Sprawę opisało zeszłotygodniowe wydanie poznańskiej „Gazety Wyborczej". W czerwcu 2009 r. trzej prokuratorzy wsiedli do taksówki w Ostrowie Wielkopolskim. Gdy licznik wybił 40 zł, zatrzymali pojazd i powiedzieli taksówkarzowi, że tyle za przejazd nie zapłacą. Wezwani przez kierowcę policjanci poprosili pasażerów o dokumenty. Jeden z nich odmówił, mówiąc, iż jest prokuratorem.

Gazeta przypomina, iż odmowa pokazania dokumentów jest wykroczeniem, ale prokuratorów chroni immunitet. W takich sytuacjach grozi im, więc jedynie postępowanie dyscyplinarne. Sprawą śledczego, który odmówił pokazania policjantom dokumentów zajął się sąd dyscyplinarny przy Prokuraturze Generalnej. Ze względu na niską szkodliwość społeczną postanowił postępowanie umorzyć.

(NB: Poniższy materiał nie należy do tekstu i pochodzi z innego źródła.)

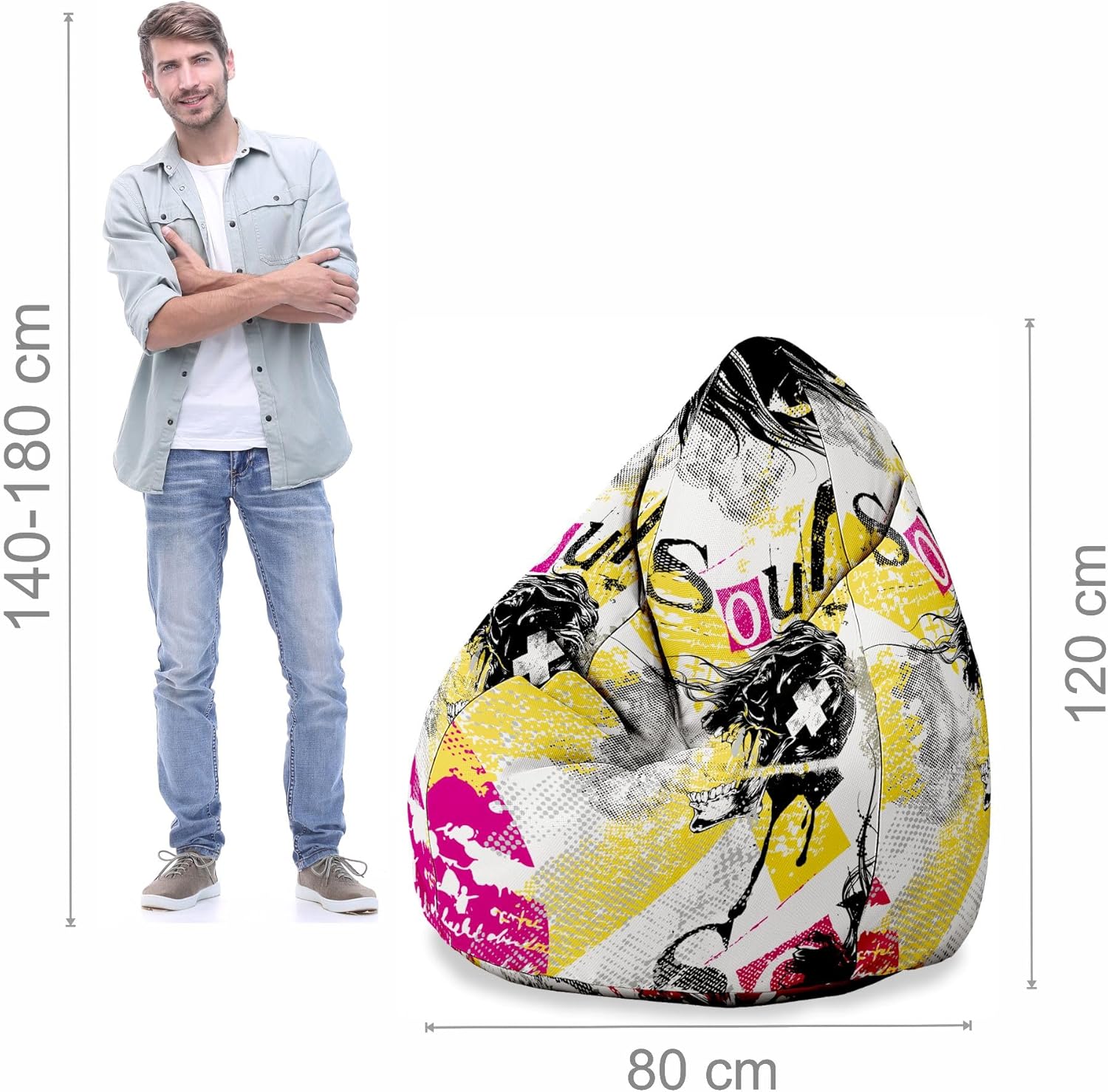 Birnenförmiger Sitzsack mit Fußstütze Screaming Faces-Oxford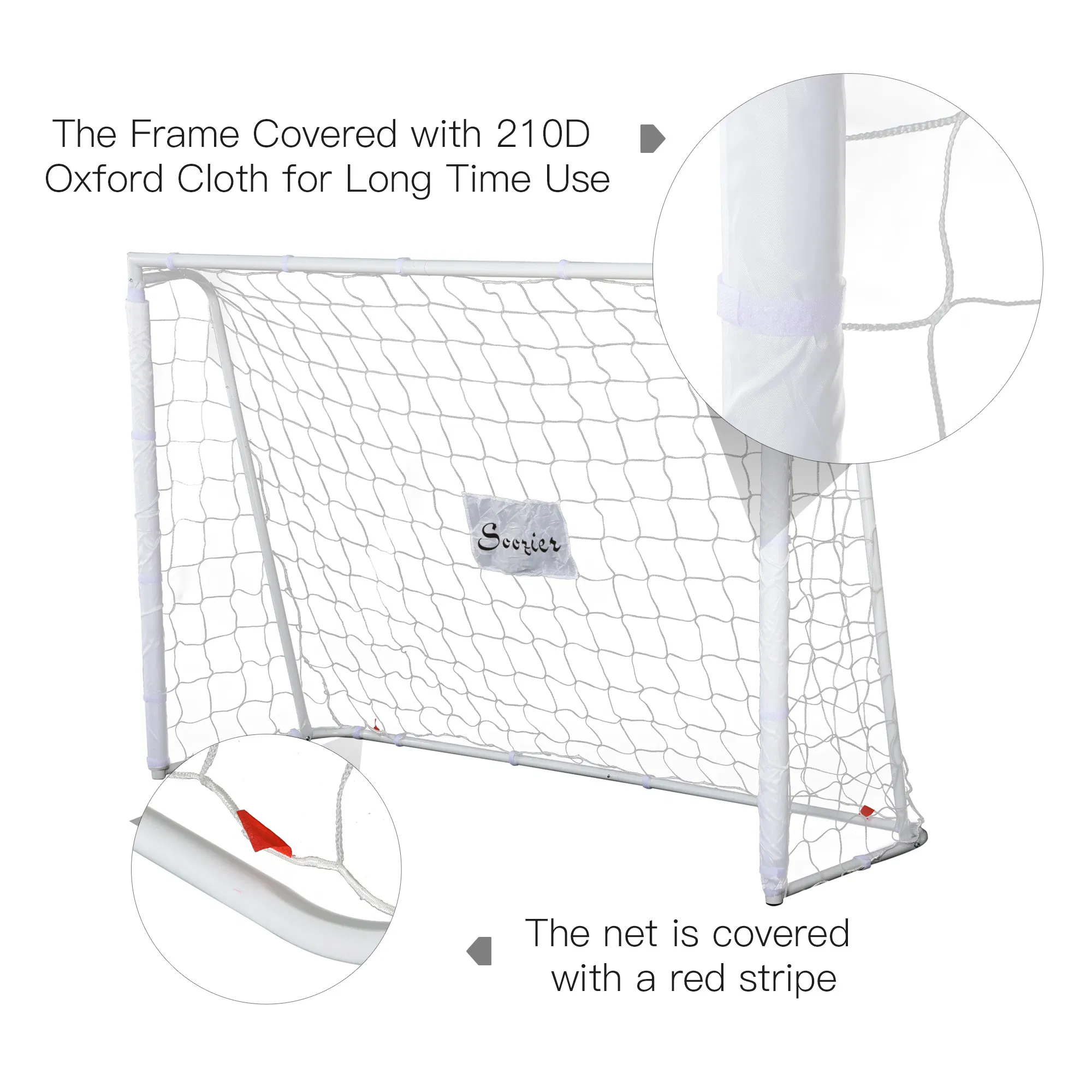 6ft x 4ft Soccer Goal Net with Metal Frame, PE Mesh, Ground Stakes, Easy Assembly, White photo 3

Jak się okazuje sądy dyscyplinarne nie są srogie dla śledczych skonfliktowanych z prawem. Najwięcej jest upomnień i nagan. Ze statystyk, który uzyskaliśmy w Prokuraturze Generalnej wynika w 2010 roku sąd dyscyplinarny przy PG przeprowadził łącznie 61 postępowań. W 19 z nich wymierzono kary (upomnienia – 11, nagany – 4, wydalenia ze służby prokuratorskiej – 1, przeniesienia na inne miejsce służbowe – 1, zawieszenia waloryzacji świadczenia spoczynkowego – 2). Natomiast bez konsekwencji prawnych zakończyły się łącznie 23 postępowania, z czego 16 uniewinnieniem, a 7 spraw umorzono. W inny sposób załatwiono 11 postępowań.